Foto: Arquivo de Nathê
“O meu primeiro grafite fora do Cores foi Luther quem me deu as latas, ele dividiu as latas comigo. Então, ele me ajudou de várias maneiras, tanto me dando dicas, me incentivando, na questão técnica e histórias da vida dele, enquanto homem negro, que se parece muito comigo, né?”, relata a ex-aluna. Nathália também informa que apesar dele parecer “durão”, risos, ele é bem “humildão”, por a todo o tempo ajudar os alunos, segundo ela, Luther desenha bem, mas prefere fazer o bomber junto com as frases, “as mensagens que ele deixa é às vezes mais importante do que o ‘trampo’ estético”.

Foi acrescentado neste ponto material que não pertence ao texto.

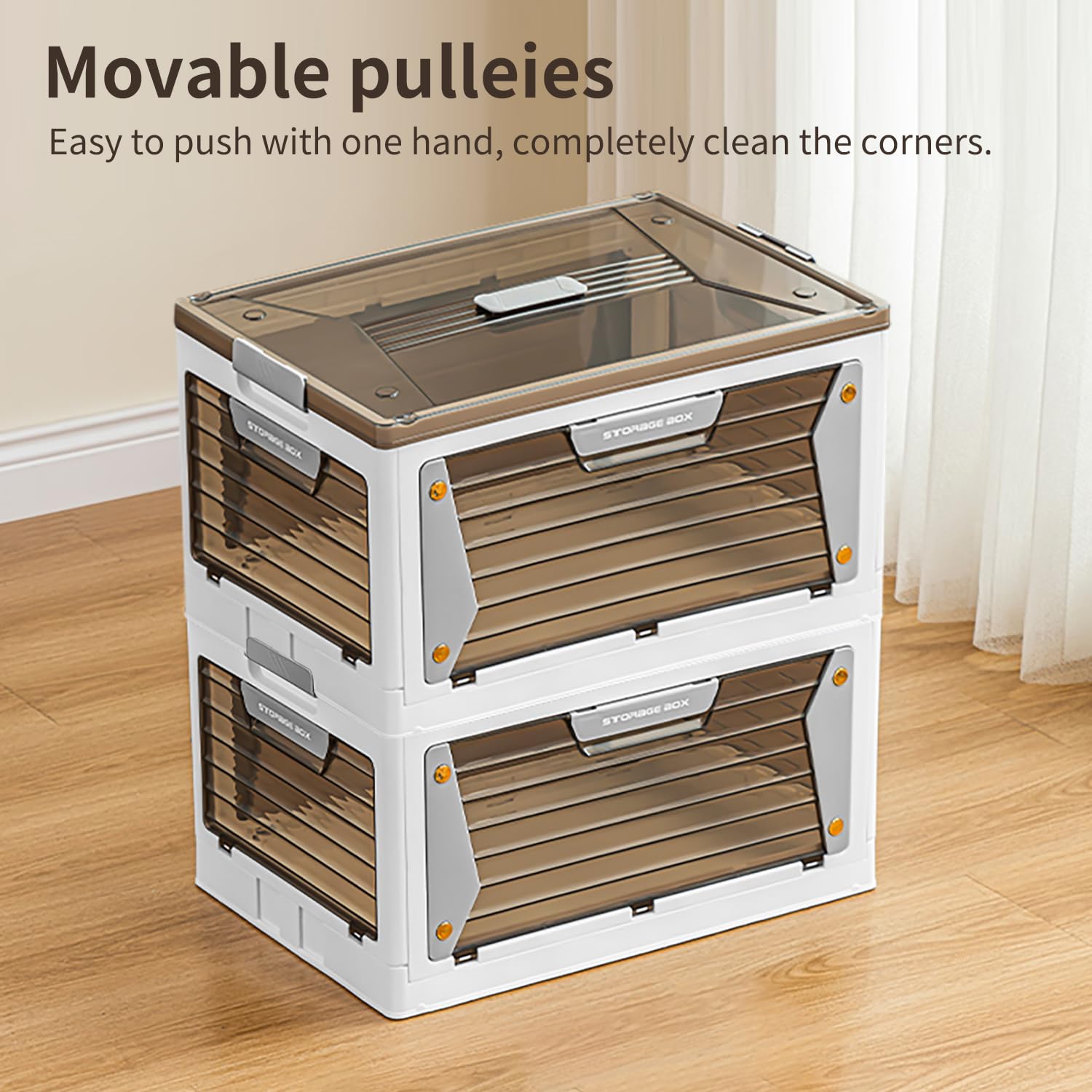Stackable Plastic Storage Bins with Wheels & Lids - 2 Pack Collapsible Storage Containers with Handles for Bedroom, Living Room, Kitchen & Closet Organization | Perfect for Home Storage, Moving & Office Organization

Nathê diz que o trabalho de grafiteiro vai além das vias públicas, pois envolve “a questão educativa que ele tem da rua”, ela informa que existem lugares em que há uma grande quantidade dos grafites de Luther e destaca que aquele é “único espaço artístico que aquela comunidade teve acesso”. A aluna também menciona as oportunidades oferecidas por ele, após o curso, quando surgem trabalhos de grafitagem, Luther convida os antigos aprendizes para pintar, em troca eles são remunerados.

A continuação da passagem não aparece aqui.